What the task asks -
The answer must reproduce exactly the lines from the one with "las Cortes El" through the end of the material, and it must contain no pictures.
[Provided data — start]
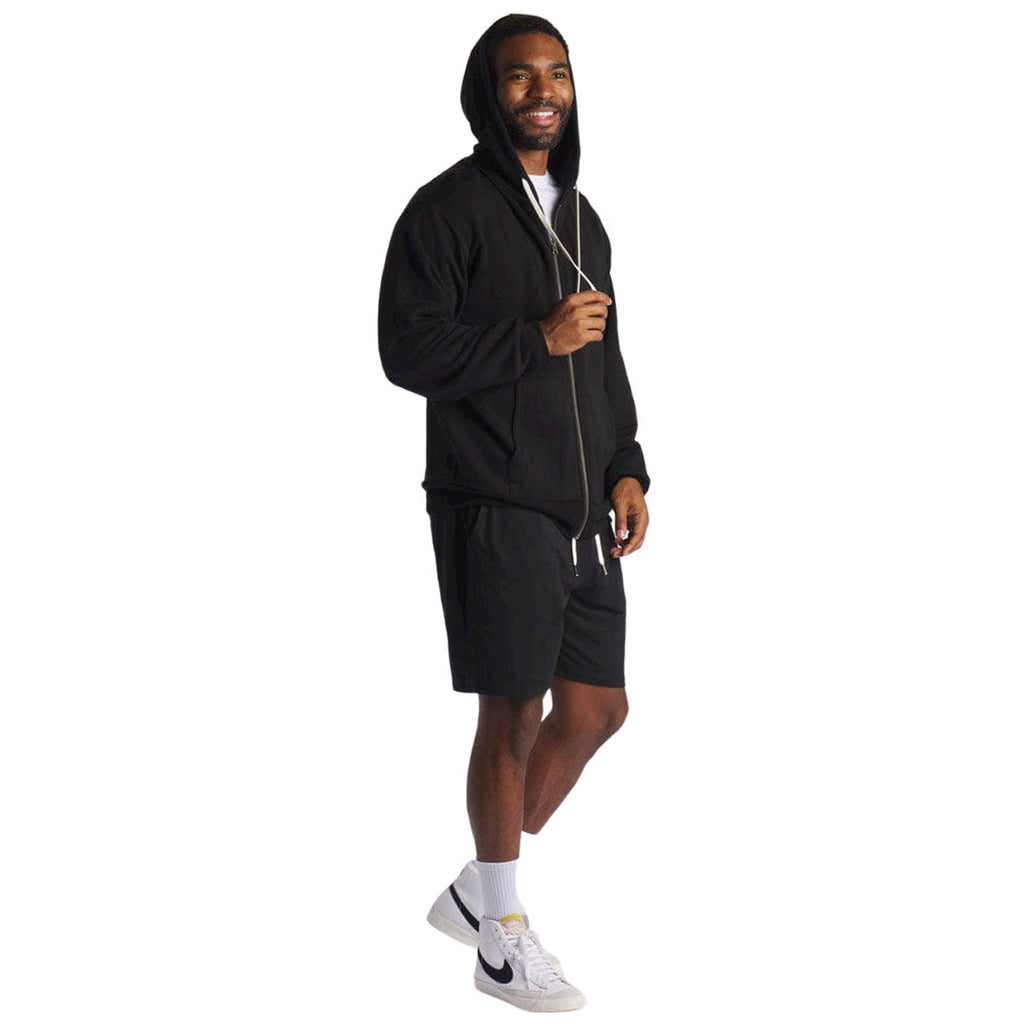 Feat Men's Black TreeCell Plush Zip Hoodie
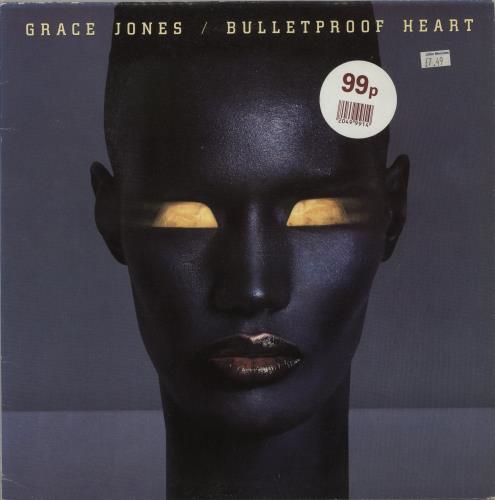 Grace Jones Bulletproof Heart vinyl LP album (LP record) UK GJOLPBU250509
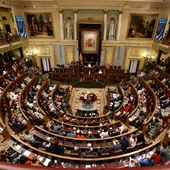 El hemiciclo del Congreso durante la sesión constitutiva de las Cortes El hemiciclo del Congreso durante la sesión constitutiva de las Cortes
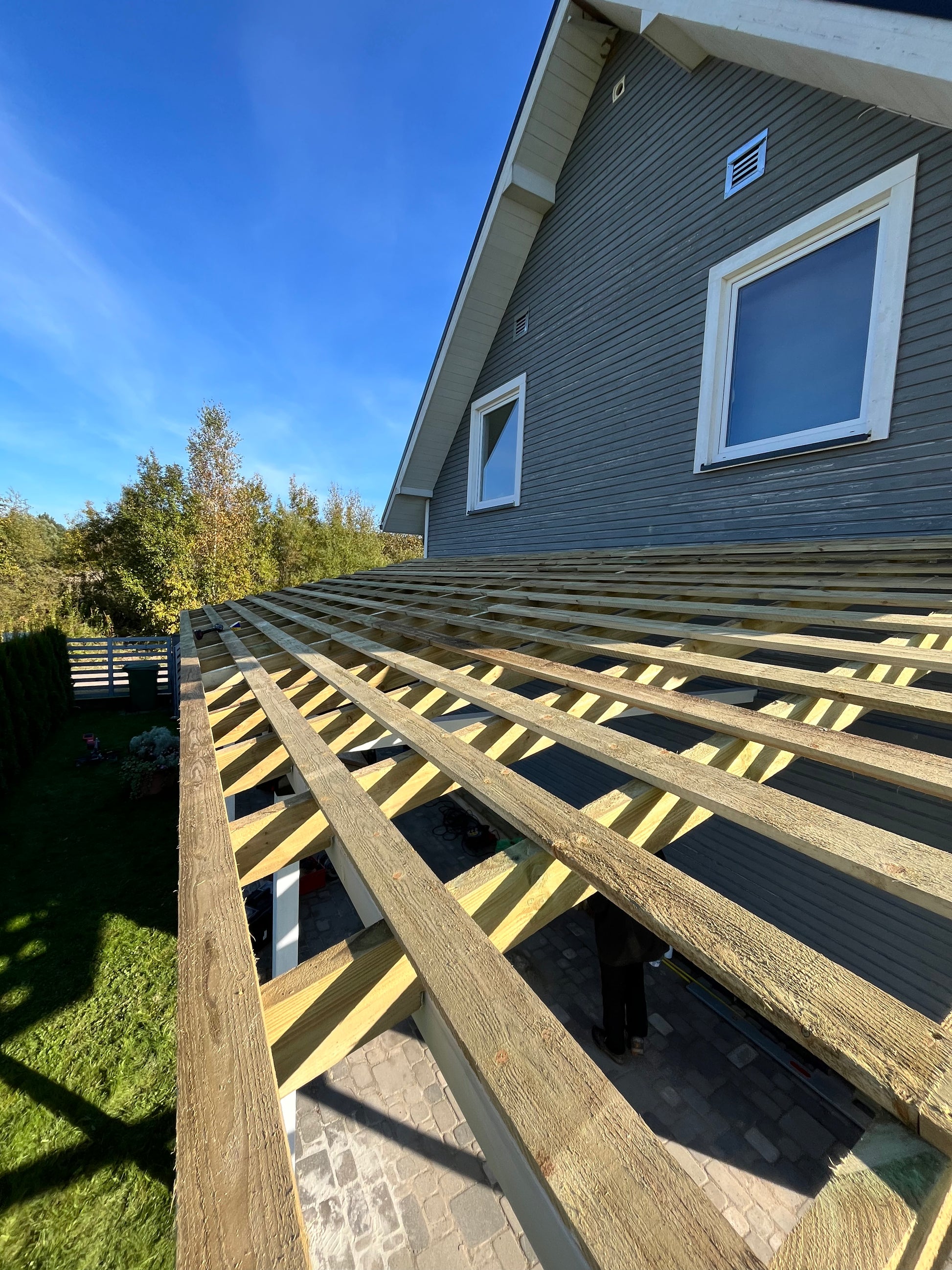 Modular carport 10mx4m.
[Provided data — finish]
Result of the task -
 El hemiciclo del Congreso durante la sesión constitutiva de las Cortes El hemiciclo del Congreso durante la sesión constitutiva de las Cortes
 Modular carport 10mx4m.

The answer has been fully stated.